In Duncan v. Louisiana, 391 U.S. 145, 20 L. Ed. 2d 491, 88 S. Ct. 1444 (1968), the Supreme Court established that a defendant in any serious criminal case is entitled to be tried by jury. Conversely, no jury is required to try petty crimes. Id. at 160. Subsequent cases have established a fixed demarcation between petty and serious crimes: those crimes carrying a sentence of more than six months are serious offenses requiring a jury trial if the defendant so chooses. See Codispoti v. Pennsylvania, 418 U.S. 506, 512, 41 L. Ed. 2d 912, 94 S. Ct. 2687 (1974); Baldwin v. New York, 399 U.S. 66, 69, 26 L. Ed. 2d 437, 90 S. Ct. 1886 (1970). This rule is applicable to contempt proceedings, whether the punishment is meted out summarily or at the end of trial. Codispoti, 418 U.S. at 514-17. See also Muniz v. Hoffman, 422 U.S. 454, 475-76, 45 L. Ed. 2d 319, 95 S. Ct. 2178 (1975). When no penalty for contempt has been established by the legislature, a judge is free to impose a maximum six month penalty for criminal contempt without a jury trial. Muniz, 422 U.S. at 476; cf.
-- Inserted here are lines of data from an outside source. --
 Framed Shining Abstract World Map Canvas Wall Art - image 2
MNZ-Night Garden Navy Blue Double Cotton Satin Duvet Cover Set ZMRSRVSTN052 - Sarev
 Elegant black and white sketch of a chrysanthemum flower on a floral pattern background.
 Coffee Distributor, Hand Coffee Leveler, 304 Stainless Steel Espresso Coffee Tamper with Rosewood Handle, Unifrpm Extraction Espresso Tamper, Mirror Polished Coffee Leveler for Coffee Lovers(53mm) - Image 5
In Re Dellinger, 502 F.2d 813, 820 (7th Cir. 1974) (no jury trial required since contemnors' sentences could not exceed six months), cert. denied, 420 U.S. 990, 43 L. Ed. 2d 671, 95 S. Ct. 1425 (1975).
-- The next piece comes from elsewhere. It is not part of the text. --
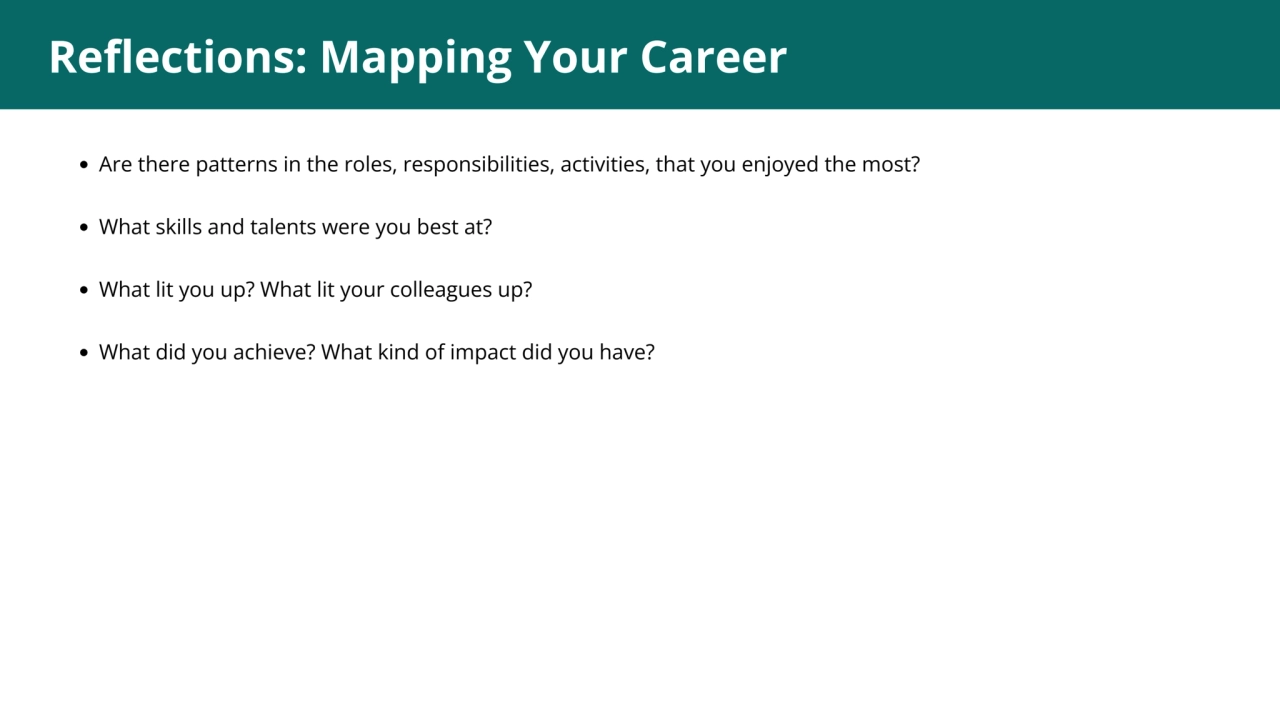 1
Reflections: Mapping Your Career
Are there patterns in the roles, responsibilities, activities,…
There is, therefore, nothing improper regarding the sentences that were imposed at appellant's first two contempt hearings, on August 6 and 12, 1985. At the first hearing, two charges for contempt occurring four days earlier were punished by suspended sentences of 10 and 20 days, respectively. One week later, at a hearing on three additional charges, the suspended sentences were revoked and additional sentences of 30, 60, and 180 days were imposed. However, 120 days were to run concurrently with the other sentences so that the total actual sentence imposed, including the revoked suspended sentences, was 180 days. Appellant, therefore, was sentenced for the equivalent of a petty offense on each of these occasions and the option of a jury trial was not required.

On the other hand, the sentencing at appellant's final contempt hearing on September 26, 1985, approximately five weeks after the end of his trial, was directly contrary to the Supreme Court's holding in Codispoti v. Pennsylvania, 418 U.S. 506, 41 L. Ed. 2d 912, 94 S. Ct. 2687 (1974). That case specifically held that a contemnor must be provided the option of a jury trial on contempt charges when those charges are heard after the conclusion of the trial from which the charges arose, if the defendant may be subject to consecutive sentences cumulating in excess of six months upon conviction on those charges. Id. at 515-18. It is immaterial whether each individual contempt was punished by a sentence of six months or less. Id. at 517. In the case before us, appellant's hearing on September 26 occurred without a jury and approximately five weeks after the completion of his trial. At this hearing, he received eight concurrent sentences of 180 days plus consecutive sentences of 60, 60, and 180 days. The post-trial conviction on August 23 brought a sentence of 120 days. Since this post-trial total of 600 days exceeds six months and appellant was not given the option of a jury trial, Codispoti requires that we set aside these convictions and remand for jury trial.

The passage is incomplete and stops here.